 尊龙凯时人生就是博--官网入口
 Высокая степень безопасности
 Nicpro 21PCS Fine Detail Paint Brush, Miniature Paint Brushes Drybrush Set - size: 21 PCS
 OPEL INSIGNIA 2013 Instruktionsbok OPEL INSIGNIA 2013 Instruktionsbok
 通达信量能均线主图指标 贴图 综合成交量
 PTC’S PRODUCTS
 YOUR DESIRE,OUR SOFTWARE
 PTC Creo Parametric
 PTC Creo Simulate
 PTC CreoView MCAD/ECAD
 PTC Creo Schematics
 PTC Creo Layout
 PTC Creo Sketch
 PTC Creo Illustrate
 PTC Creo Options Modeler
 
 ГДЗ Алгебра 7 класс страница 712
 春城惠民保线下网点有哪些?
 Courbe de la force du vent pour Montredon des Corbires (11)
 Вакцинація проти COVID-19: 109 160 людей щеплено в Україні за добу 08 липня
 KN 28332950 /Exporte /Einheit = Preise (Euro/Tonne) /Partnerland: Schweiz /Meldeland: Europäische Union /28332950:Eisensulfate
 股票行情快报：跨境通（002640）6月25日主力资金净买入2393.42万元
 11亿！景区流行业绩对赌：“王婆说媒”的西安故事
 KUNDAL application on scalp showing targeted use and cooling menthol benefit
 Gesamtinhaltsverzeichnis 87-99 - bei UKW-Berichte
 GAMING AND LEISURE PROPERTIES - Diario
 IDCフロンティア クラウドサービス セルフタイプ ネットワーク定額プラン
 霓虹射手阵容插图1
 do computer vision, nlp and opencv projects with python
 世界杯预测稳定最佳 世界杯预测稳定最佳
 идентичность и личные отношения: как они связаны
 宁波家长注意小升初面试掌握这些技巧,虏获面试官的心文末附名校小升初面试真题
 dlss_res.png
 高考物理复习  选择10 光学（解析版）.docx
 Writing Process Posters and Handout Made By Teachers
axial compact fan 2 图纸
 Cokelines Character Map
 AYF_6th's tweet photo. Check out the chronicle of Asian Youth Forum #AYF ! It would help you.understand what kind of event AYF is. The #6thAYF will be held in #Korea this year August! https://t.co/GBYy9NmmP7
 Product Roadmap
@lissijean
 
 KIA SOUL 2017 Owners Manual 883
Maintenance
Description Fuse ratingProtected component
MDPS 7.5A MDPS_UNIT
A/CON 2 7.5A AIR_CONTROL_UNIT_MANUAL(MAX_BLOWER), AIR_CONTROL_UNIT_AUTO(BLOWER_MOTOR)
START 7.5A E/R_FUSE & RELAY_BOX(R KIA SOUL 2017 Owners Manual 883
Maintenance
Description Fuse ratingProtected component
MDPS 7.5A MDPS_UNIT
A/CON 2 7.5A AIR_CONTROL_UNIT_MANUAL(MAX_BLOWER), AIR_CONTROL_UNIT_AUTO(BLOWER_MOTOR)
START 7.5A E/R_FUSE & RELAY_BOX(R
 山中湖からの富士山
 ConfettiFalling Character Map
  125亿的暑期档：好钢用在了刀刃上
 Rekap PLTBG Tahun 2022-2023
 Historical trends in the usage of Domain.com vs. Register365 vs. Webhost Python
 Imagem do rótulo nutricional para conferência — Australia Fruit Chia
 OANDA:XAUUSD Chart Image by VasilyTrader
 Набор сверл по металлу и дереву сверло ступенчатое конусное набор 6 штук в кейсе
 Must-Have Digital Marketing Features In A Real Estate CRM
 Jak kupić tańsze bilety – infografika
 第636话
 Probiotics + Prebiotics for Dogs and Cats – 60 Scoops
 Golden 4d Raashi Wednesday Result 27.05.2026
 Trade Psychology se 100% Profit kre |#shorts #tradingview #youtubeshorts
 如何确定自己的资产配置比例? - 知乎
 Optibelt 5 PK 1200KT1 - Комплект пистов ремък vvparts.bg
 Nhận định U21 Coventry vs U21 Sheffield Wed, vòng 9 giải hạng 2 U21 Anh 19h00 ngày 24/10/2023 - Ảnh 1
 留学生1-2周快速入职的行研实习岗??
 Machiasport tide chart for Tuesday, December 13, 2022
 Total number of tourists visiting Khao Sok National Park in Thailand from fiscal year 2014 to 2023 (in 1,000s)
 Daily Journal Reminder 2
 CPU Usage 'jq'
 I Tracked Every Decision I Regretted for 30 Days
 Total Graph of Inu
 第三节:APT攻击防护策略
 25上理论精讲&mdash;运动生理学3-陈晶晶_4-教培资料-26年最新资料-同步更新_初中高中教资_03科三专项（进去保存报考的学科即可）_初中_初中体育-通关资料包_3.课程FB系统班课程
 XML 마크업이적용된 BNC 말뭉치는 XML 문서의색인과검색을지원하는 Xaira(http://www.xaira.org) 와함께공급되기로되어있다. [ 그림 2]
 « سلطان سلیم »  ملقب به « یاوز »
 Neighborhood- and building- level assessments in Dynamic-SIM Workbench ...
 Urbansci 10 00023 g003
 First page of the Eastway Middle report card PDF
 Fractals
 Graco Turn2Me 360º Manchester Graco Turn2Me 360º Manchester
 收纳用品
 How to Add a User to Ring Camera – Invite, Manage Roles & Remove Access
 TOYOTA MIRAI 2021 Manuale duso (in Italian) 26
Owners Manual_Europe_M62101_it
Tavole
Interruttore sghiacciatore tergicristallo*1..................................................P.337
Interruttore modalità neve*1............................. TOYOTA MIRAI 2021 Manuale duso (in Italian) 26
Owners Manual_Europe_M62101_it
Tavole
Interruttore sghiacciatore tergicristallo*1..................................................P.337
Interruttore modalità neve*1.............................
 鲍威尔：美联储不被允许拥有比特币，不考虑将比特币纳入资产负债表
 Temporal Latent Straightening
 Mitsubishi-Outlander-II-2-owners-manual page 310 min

= = =

▶ [ACTIVITY] Look above and return each line of the records exactly, from the very first through the line with "世界杯预测稳定最佳 世界杯预测稳定最佳", both included.

▶ [SOLUTION TO THIS PROBLEM]
 尊龙凯时人生就是博--官网入口
 Высокая степень безопасности
 Nicpro 21PCS Fine Detail Paint Brush, Miniature Paint Brushes Drybrush Set - size: 21 PCS
 OPEL INSIGNIA 2013 Instruktionsbok OPEL INSIGNIA 2013 Instruktionsbok
 通达信量能均线主图指标 贴图 综合成交量
 PTC’S PRODUCTS
 YOUR DESIRE,OUR SOFTWARE
 PTC Creo Parametric
 PTC Creo Simulate
 PTC CreoView MCAD/ECAD
 PTC Creo Schematics
 PTC Creo Layout
 PTC Creo Sketch
 PTC Creo Illustrate
 PTC Creo Options Modeler
 
 ГДЗ Алгебра 7 класс страница 712
 春城惠民保线下网点有哪些?
 Courbe de la force du vent pour Montredon des Corbires (11)
 Вакцинація проти COVID-19: 109 160 людей щеплено в Україні за добу 08 липня
 KN 28332950 /Exporte /Einheit = Preise (Euro/Tonne) /Partnerland: Schweiz /Meldeland: Europäische Union /28332950:Eisensulfate
 股票行情快报：跨境通（002640）6月25日主力资金净买入2393.42万元
 11亿！景区流行业绩对赌：“王婆说媒”的西安故事
 KUNDAL application on scalp showing targeted use and cooling menthol benefit
 Gesamtinhaltsverzeichnis 87-99 - bei UKW-Berichte
 GAMING AND LEISURE PROPERTIES - Diario
 IDCフロンティア クラウドサービス セルフタイプ ネットワーク定額プラン
 霓虹射手阵容插图1
 do computer vision, nlp and opencv projects with python
 世界杯预测稳定最佳 世界杯预测稳定最佳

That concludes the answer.